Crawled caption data
..............................

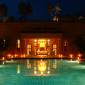 Sublime Ailleurs 01, Morocco Hotel, ARTEH 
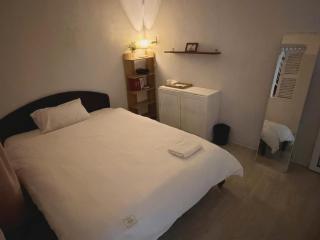 Hoe Stay - Where to stay - 7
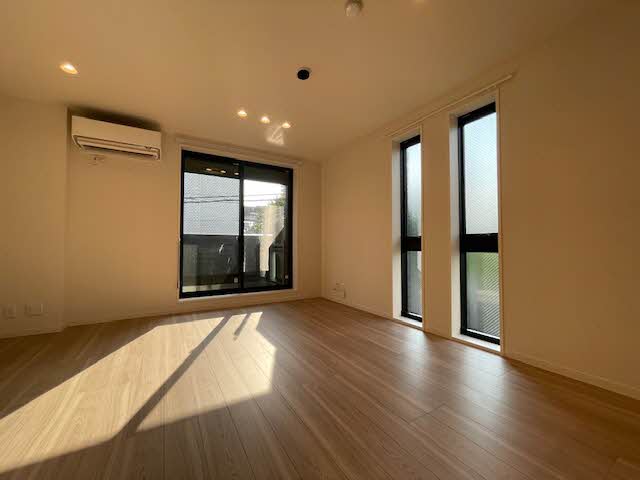 ツリーグレイス 303号-2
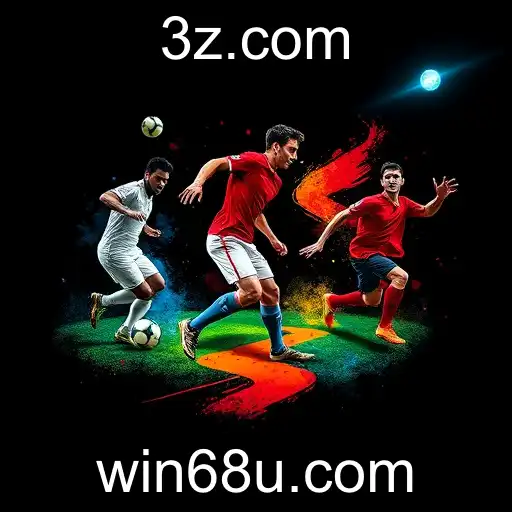 Inovações e Tendências no Universo dos Jogos Online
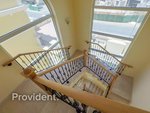 4 bedrooms Villa in Jumeirah Park, UAE No. 3296 - Image 11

..............................

WORK ITEM
For this exercise, transcribe the entries above exactly, without any pictures.

COMPLETED TASK
 Sublime Ailleurs 01, Morocco Hotel, ARTEH 
 Hoe Stay - Where to stay - 7
 ツリーグレイス 303号-2
 Inovações e Tendências no Universo dos Jogos Online
 4 bedrooms Villa in Jumeirah Park, UAE No. 3296 - Image 11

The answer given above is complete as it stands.